══ RECORDS FOR PROCESSING ══

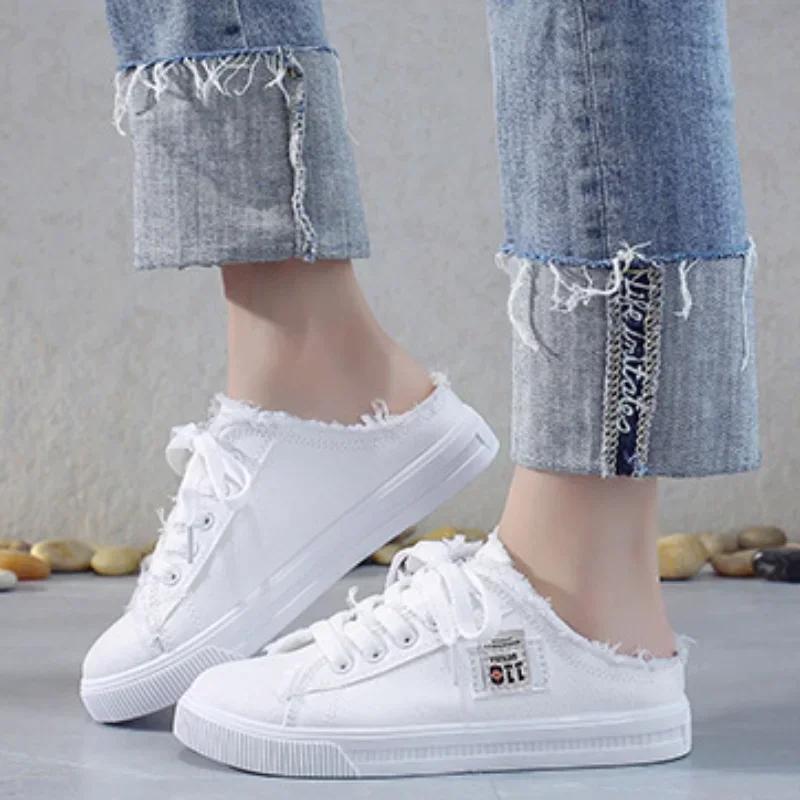 Модные женские полукеды-тапочки Удобная женская повседневная обувь Женские туфли на плоской подошве Дышащие кеды из парусины Противоскользящие Zapatillas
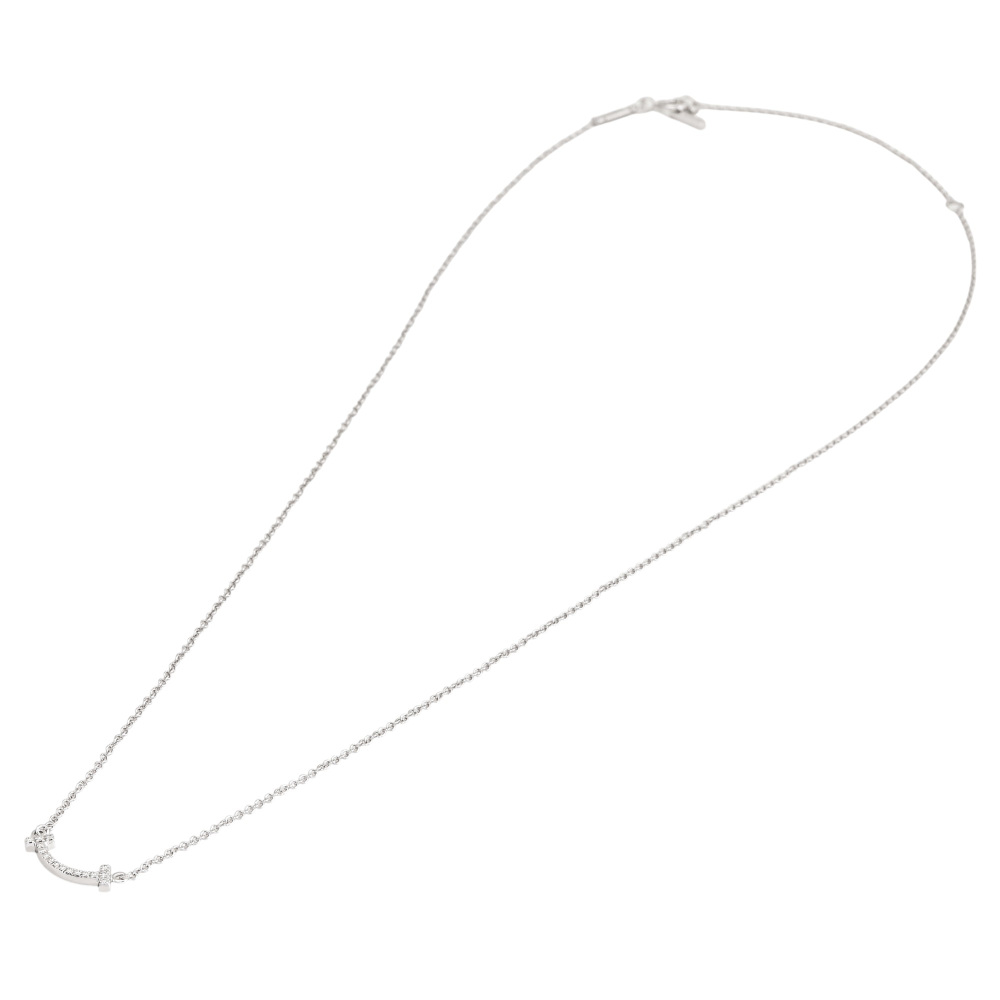 Tiffany & Co. Tiffany T Smile Necklace 18K White Gold Diamond 62617799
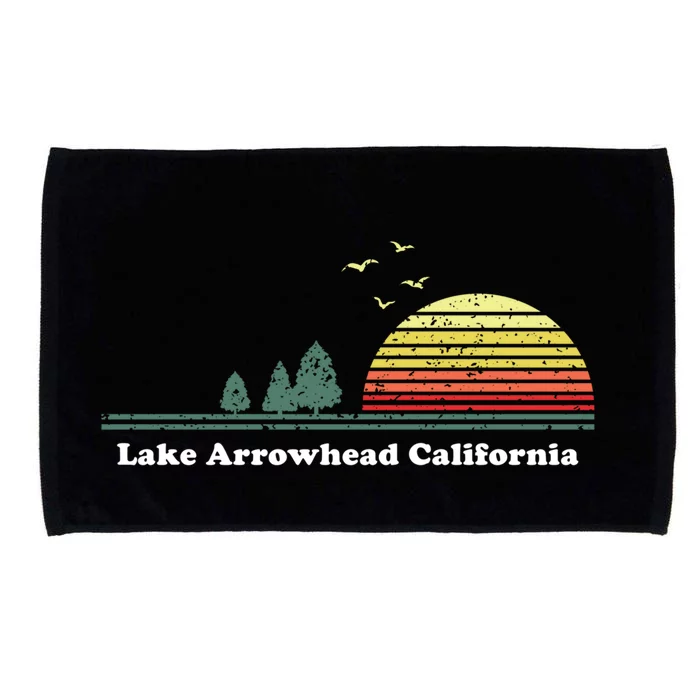 Vintage Lake Arrowhead California Sunset Souvenir Print Funny Gift Microfiber Hand Towel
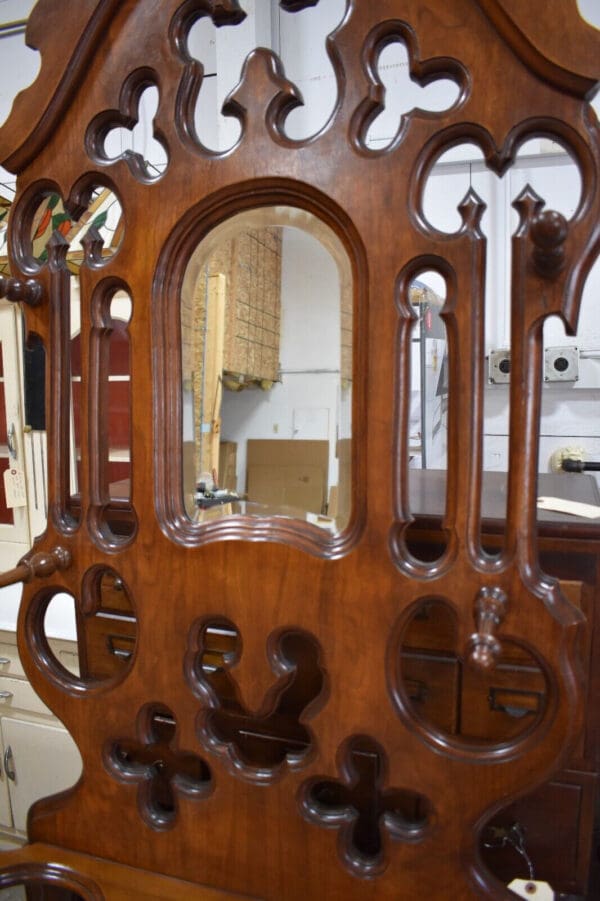 Antique Refinished Walnut Victorian Hall Tree & Mirror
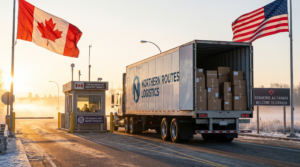 Delivery truck with parcels crossing the US-Canada border, illustrating shipping to Canada from the US in 2026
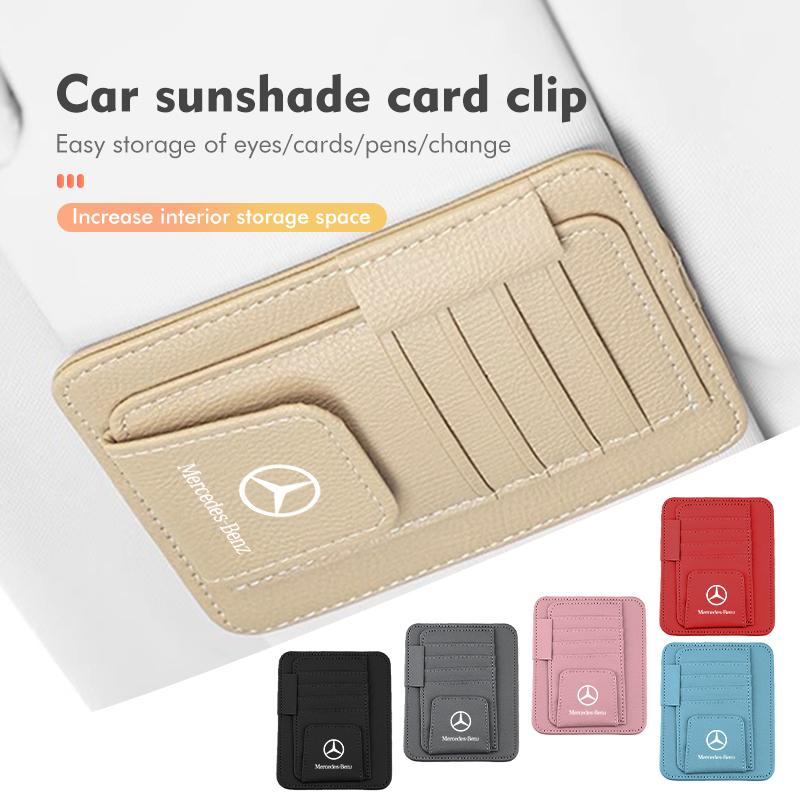 Car Sun Visor Pocket Storage Organizer Interior Accessories For Benz AMG A C E S G Class W201 W210 W108 W204 W205 W203 ZK2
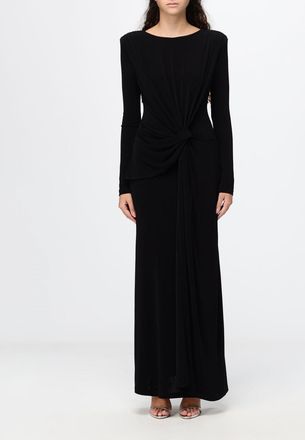 Eleh Long Evening Gown in Jersey with a Knotted Waist and Padded Shoulders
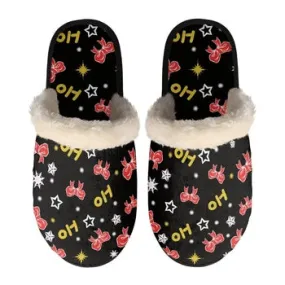 Christmas Print on Demand Artwork Women's Fur Lined House Slippers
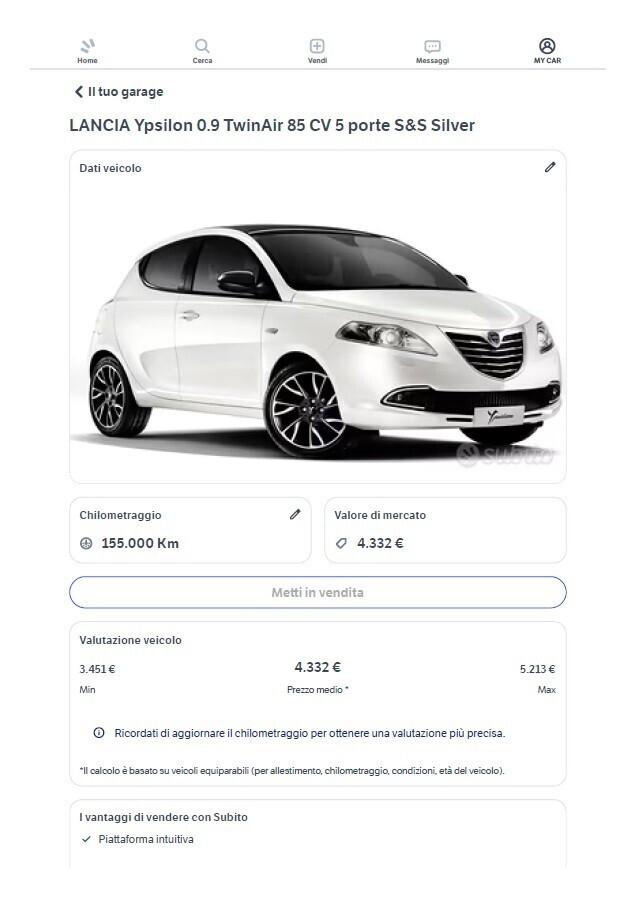 Ypsilon MotoreSost.155000Km FrizioneRotta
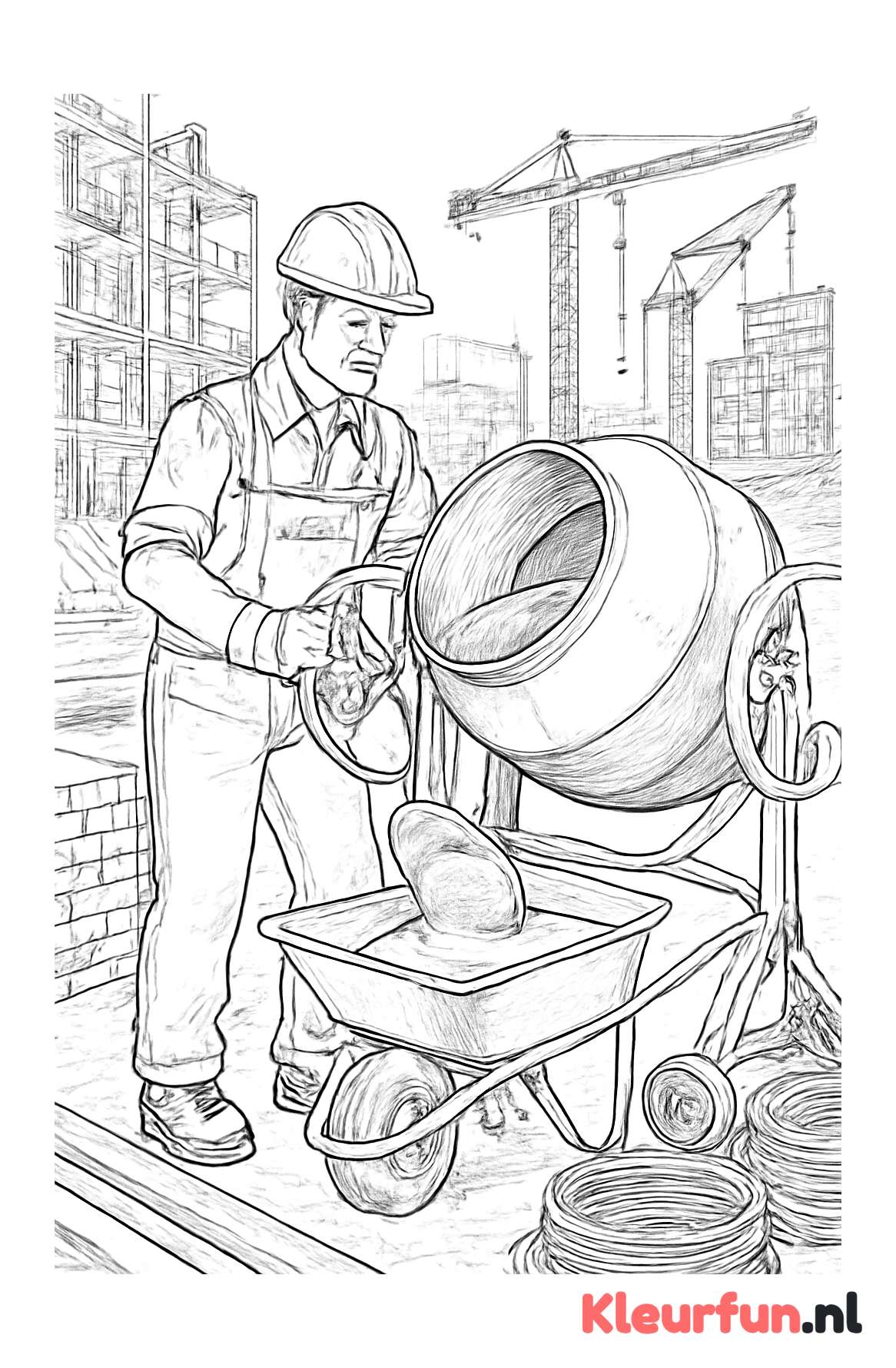 Bouwvakker aan de betonmixer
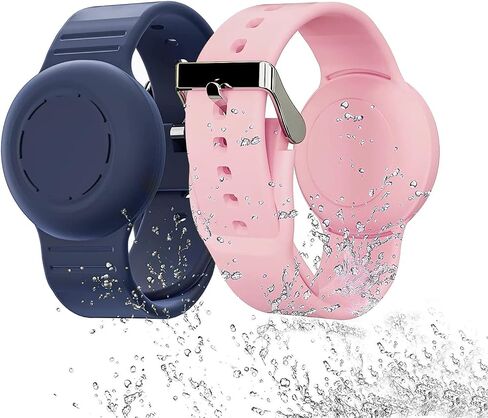Waterproof Airtag Bracelet for Kids,Hidden Airtag Wristband Kids,2 Pack Silicon Anti-Lost Apple Airtag Holder Case for Child,Airtag Case Cover Watch Band GPS Tracker for Toddler-Black+Blue in Saudi Arabia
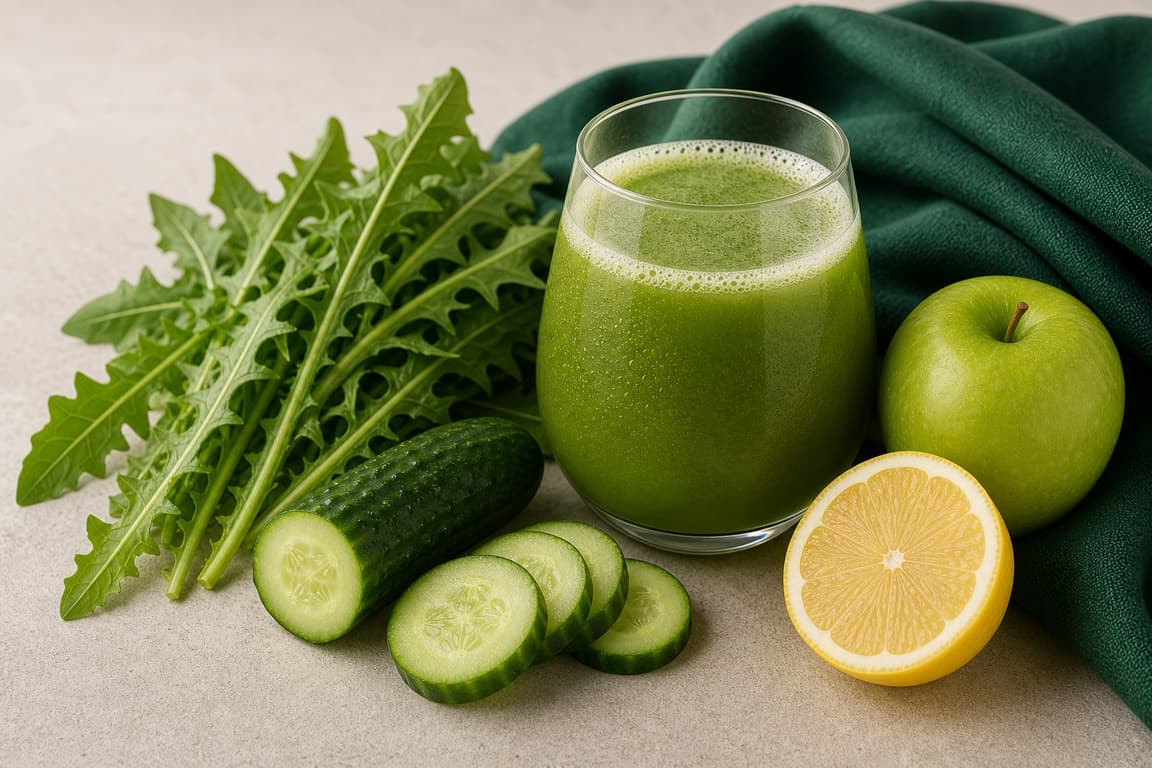 Dandelion Apple Cucumber Lemon in a clear glass with fresh dandelion greens, cucumber, green apple, and lemon, and emerald linen.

═══

## TASK REQUIREMENTS
Omit the pictures and write out the lines above from the one with "Delivery truck with" through the last, unchanged.

## ANSWER SPACE
 Delivery truck with parcels crossing the US-Canada border, illustrating shipping to Canada from the US in 2026
 Car Sun Visor Pocket Storage Organizer Interior Accessories For Benz AMG A C E S G Class W201 W210 W108 W204 W205 W203 ZK2
 Eleh Long Evening Gown in Jersey with a Knotted Waist and Padded Shoulders
 Christmas Print on Demand Artwork Women's Fur Lined House Slippers
 Ypsilon MotoreSost.155000Km FrizioneRotta
 Bouwvakker aan de betonmixer
Waterproof Airtag Bracelet for Kids,Hidden Airtag Wristband Kids,2 Pack Silicon Anti-Lost Apple Airtag Holder Case for Child,Airtag Case Cover Watch Band GPS Tracker for Toddler-Black+Blue in Saudi Arabia
 Dandelion Apple Cucumber Lemon in a clear glass with fresh dandelion greens, cucumber, green apple, and lemon, and emerald linen.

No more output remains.